Wien. Österreichs Versuch, nur eine begrenzte Anzahl an Flüchtlingen durchreisen zu lassen, ist schnell gescheitert. Slowenien hat Montagabend die Grenzen zu Kroatien geöffnet. Tausende Menschen werden nun wieder täglich die Alpenrepublik erreichen.
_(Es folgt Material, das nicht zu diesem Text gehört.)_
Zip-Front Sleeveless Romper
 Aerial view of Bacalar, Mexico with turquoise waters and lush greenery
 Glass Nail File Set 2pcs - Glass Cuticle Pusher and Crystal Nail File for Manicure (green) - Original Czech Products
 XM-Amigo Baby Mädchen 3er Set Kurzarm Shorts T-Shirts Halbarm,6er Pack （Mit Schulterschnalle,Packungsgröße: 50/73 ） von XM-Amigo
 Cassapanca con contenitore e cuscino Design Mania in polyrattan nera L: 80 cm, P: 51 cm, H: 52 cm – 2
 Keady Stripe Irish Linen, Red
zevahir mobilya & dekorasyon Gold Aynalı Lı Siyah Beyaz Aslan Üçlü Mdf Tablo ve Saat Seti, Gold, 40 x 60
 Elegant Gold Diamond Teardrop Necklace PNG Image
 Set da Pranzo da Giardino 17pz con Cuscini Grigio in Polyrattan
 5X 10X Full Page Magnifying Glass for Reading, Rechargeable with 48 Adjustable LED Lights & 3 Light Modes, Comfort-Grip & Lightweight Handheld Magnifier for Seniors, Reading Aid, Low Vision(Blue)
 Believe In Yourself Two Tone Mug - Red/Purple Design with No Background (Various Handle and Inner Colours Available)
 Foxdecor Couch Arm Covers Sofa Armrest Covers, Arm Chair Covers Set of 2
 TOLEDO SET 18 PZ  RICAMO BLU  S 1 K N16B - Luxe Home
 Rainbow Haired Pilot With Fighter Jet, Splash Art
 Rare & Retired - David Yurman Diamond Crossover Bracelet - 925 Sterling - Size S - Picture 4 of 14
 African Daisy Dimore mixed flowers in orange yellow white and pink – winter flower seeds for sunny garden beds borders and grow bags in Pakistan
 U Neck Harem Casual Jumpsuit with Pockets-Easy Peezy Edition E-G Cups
Dabei waren sich die slowenische Innenministerin, Vesna Györkös Žnidar, und ihre österreichische Kollegin, Innenministerin Johanna Mikl-Leitner (ÖVP), bereits am Sonntagabend nicht einig, ob Österreich nun die Einreise von Flüchtlingen limitiert. Zumindest wurde ein Missverständnis publik. Auslöser war ein Anruf der slowenischen Innenministerin bei ihrer Amtskollegin, in dem sie wissen wollte, ob Österreich mehr Flüchtlinge als bisher (am Samstag erreichten gerade einmal die ersten hundert die Grenze) aufnehmen könnte. Das wurde von Mikl-Leitner jedoch abgelehnt, bestätigt ihr Sprecher. Die Slowenin interpretierte die Antwort als Aufnahmestopp. „Die Ministerin hat mir gesagt, dass die Kapazitäten voll sind. Aufgrund dessen konnten wir nicht mehr erwarten, dass sie Flüchtlinge aufnehmen werden“, wird sie in der Nachrichtenagentur zitiert.
Tatsächlich sind bis Montagnachmittag 850 Flüchtlinge über die österreichisch-slowenische Grenzen bei Bad Radkersburg und Spielfeld gekommen. Sie wurden dort registriert, erstversorgt und, wie bisher, in Richtung Deutschland gebracht.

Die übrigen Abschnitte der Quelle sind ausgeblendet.